What this task involves: In the records below, repeat word for word only the lines starting at the one that contains "Kiri Dippi Latte" and ending at the one that contains "Parks Csúcs kiadás", pictures excluded.

#### Records supplied

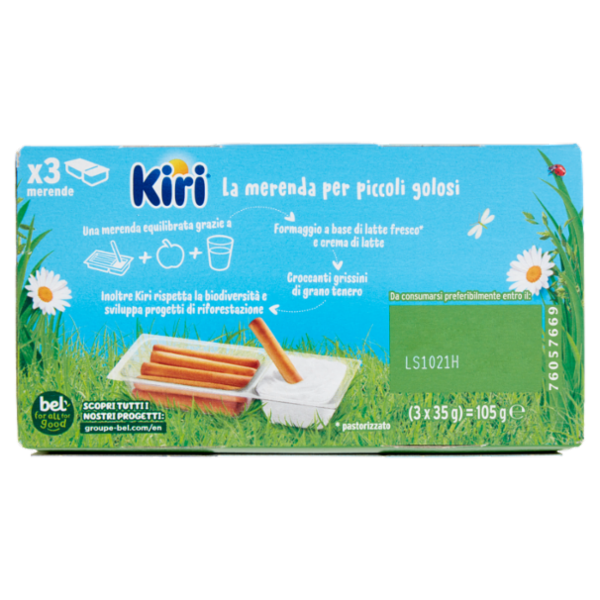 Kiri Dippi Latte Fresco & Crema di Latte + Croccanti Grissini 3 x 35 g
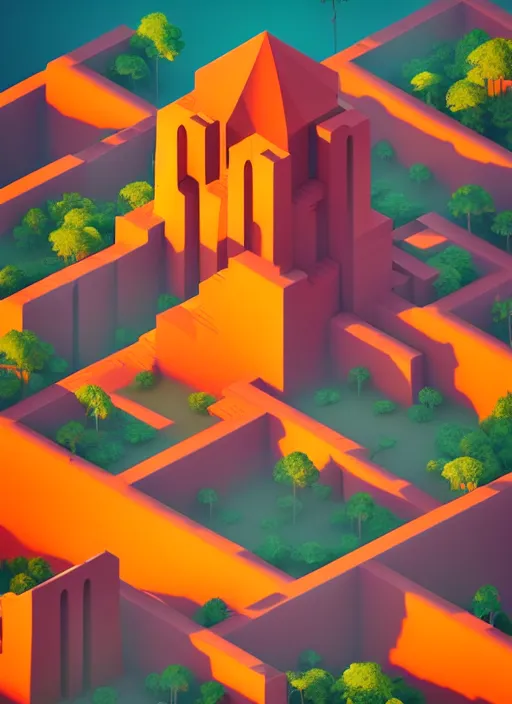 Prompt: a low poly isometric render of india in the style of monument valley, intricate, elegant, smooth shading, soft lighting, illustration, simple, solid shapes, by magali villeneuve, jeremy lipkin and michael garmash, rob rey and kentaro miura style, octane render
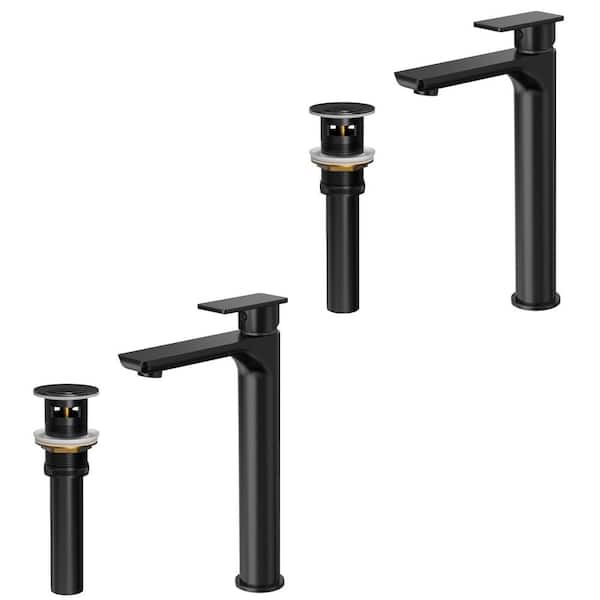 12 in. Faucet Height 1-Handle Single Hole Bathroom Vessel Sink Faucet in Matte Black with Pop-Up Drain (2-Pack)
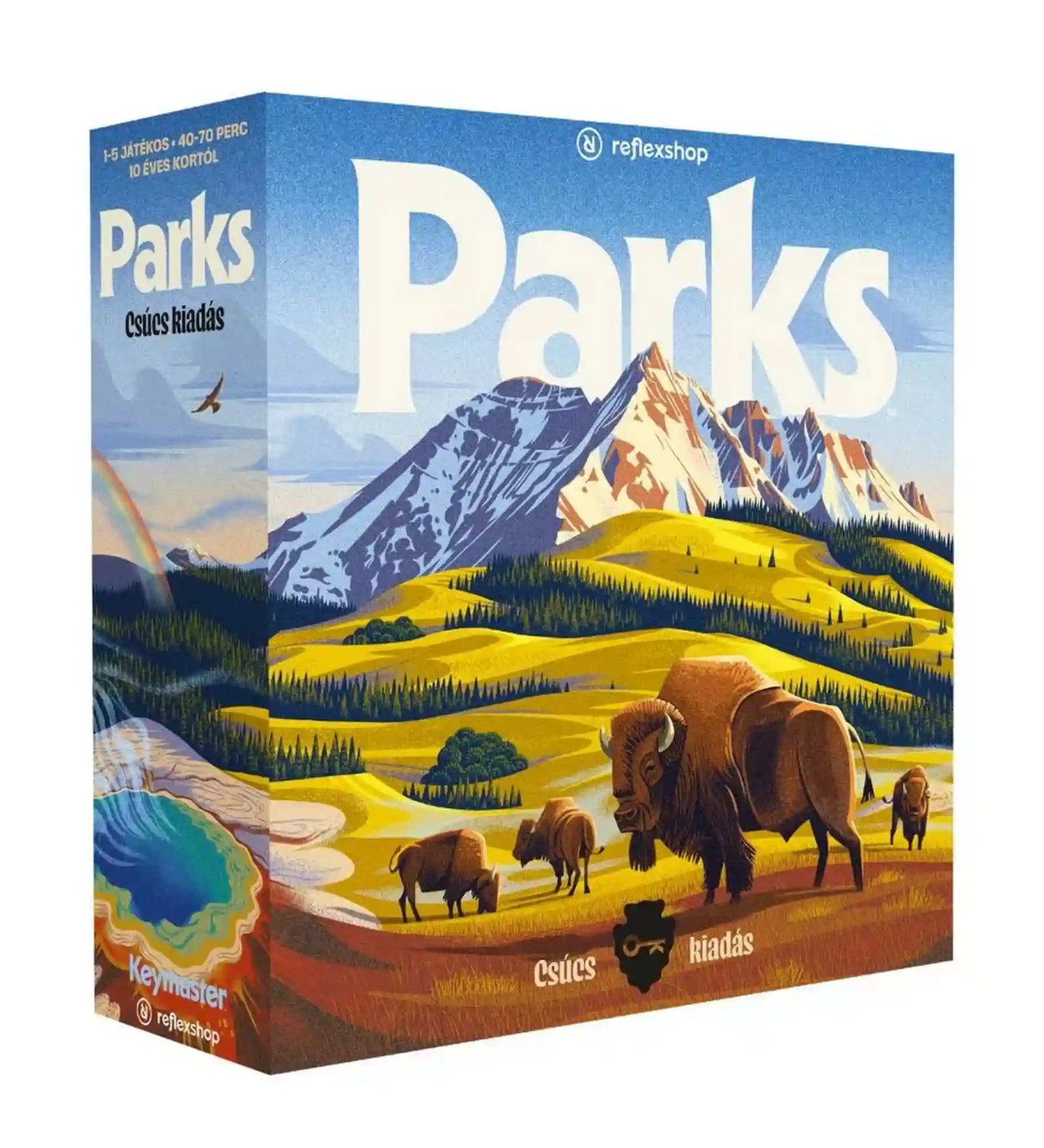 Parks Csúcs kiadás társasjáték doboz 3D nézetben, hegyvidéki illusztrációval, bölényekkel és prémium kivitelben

########
#### Records supplied

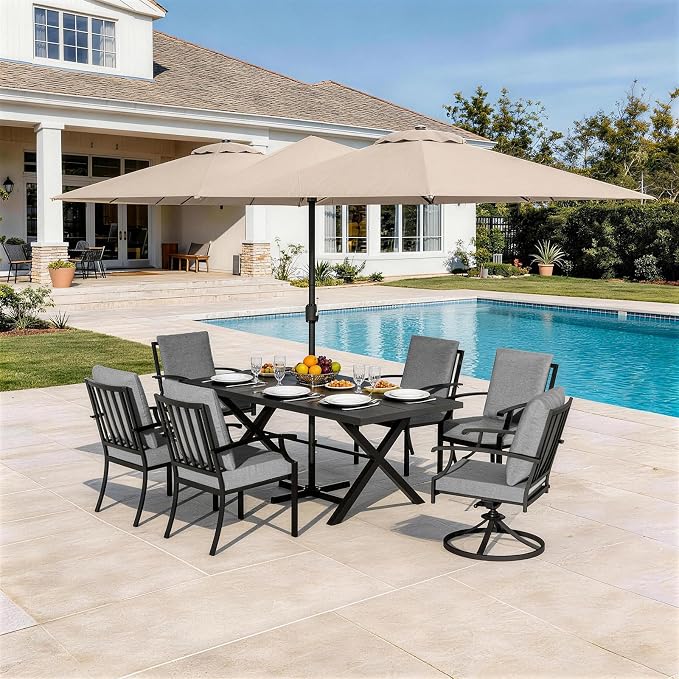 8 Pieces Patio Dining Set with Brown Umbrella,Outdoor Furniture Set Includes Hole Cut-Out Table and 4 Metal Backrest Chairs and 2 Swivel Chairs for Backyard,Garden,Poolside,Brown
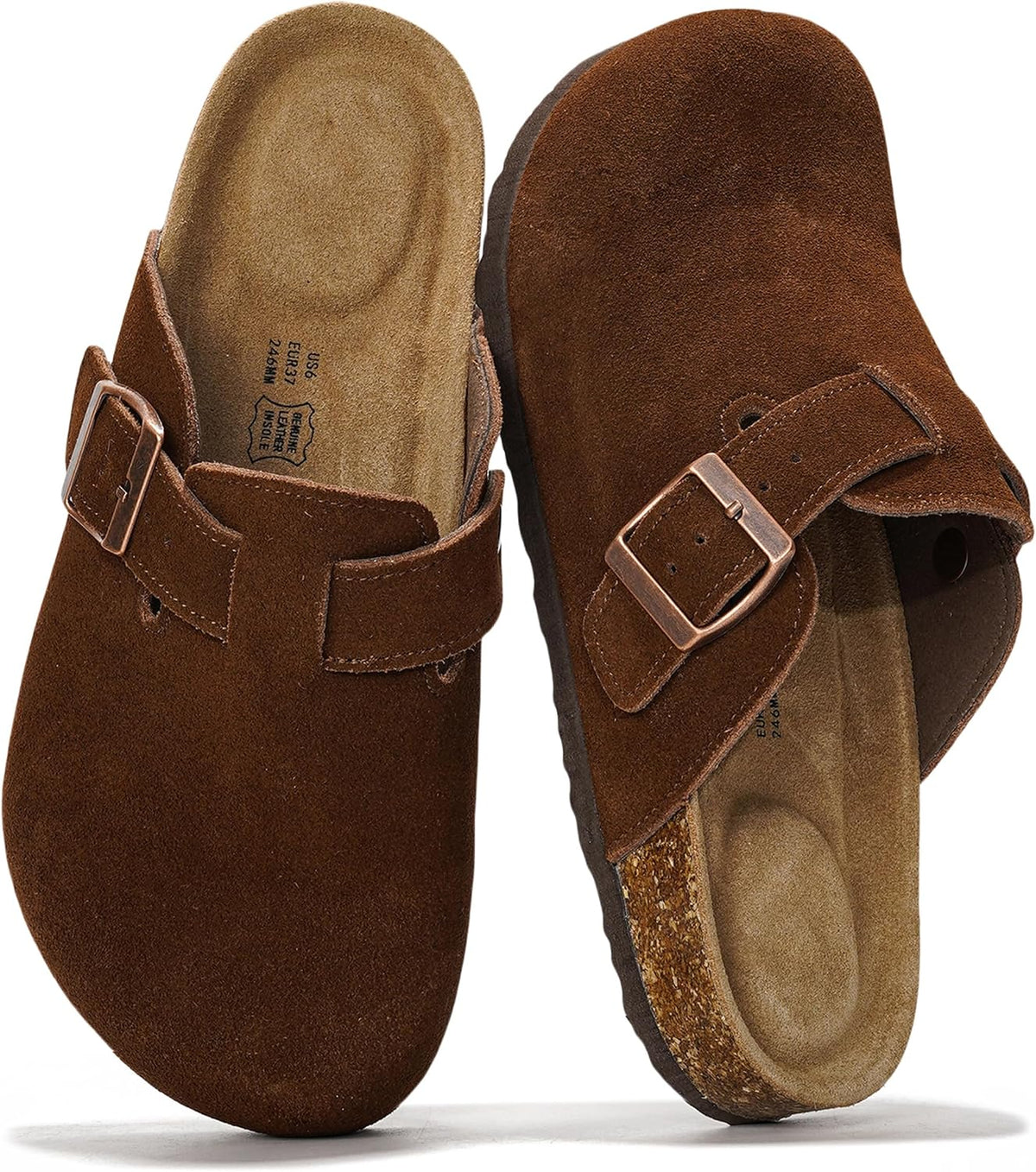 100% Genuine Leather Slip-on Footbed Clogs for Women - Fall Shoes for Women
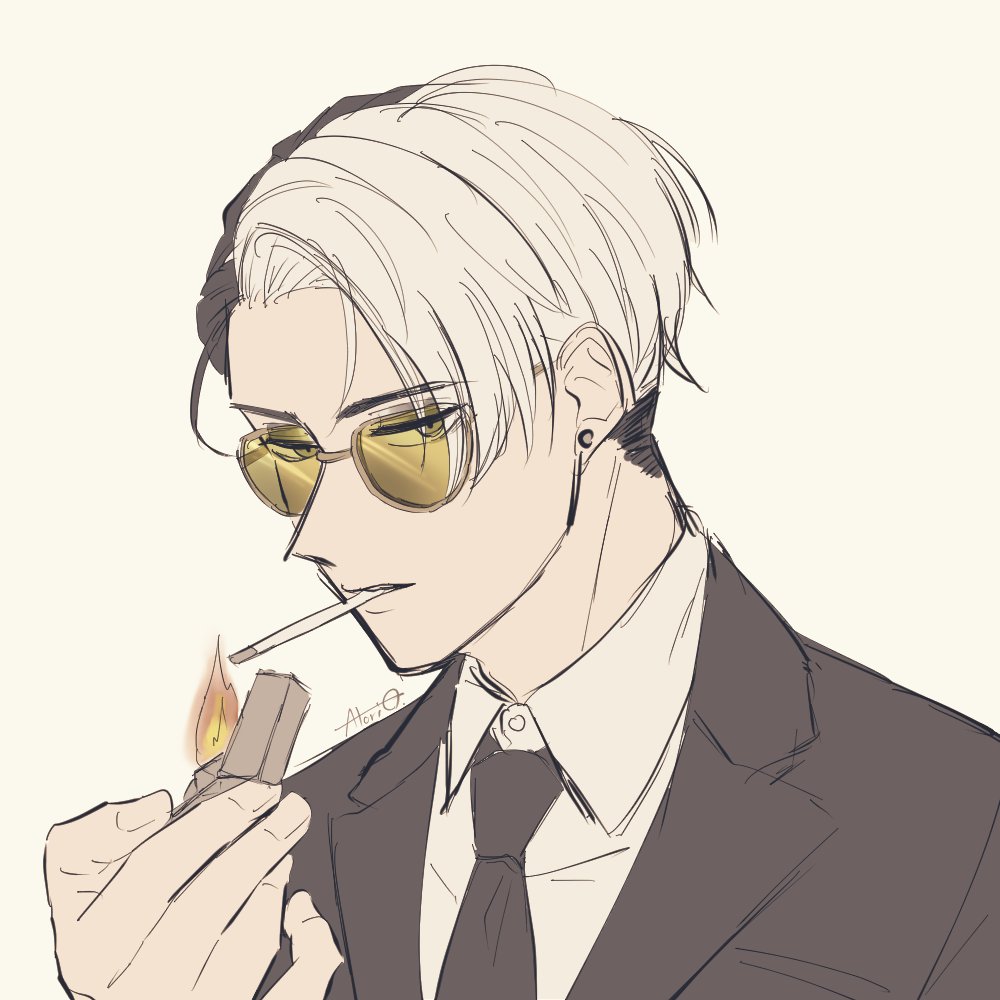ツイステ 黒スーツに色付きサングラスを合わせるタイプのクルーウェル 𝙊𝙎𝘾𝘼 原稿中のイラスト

########

Solution to the exercise:
 Kiri Dippi Latte Fresco & Crema di Latte + Croccanti Grissini 3 x 35 g
 Prompt: a low poly isometric render of india in the style of monument valley, intricate, elegant, smooth shading, soft lighting, illustration, simple, solid shapes, by magali villeneuve, jeremy lipkin and michael garmash, rob rey and kentaro miura style, octane render
 12 in. Faucet Height 1-Handle Single Hole Bathroom Vessel Sink Faucet in Matte Black with Pop-Up Drain (2-Pack)
 Parks Csúcs kiadás társasjáték doboz 3D nézetben, hegyvidéki illusztrációval, bölényekkel és prémium kivitelben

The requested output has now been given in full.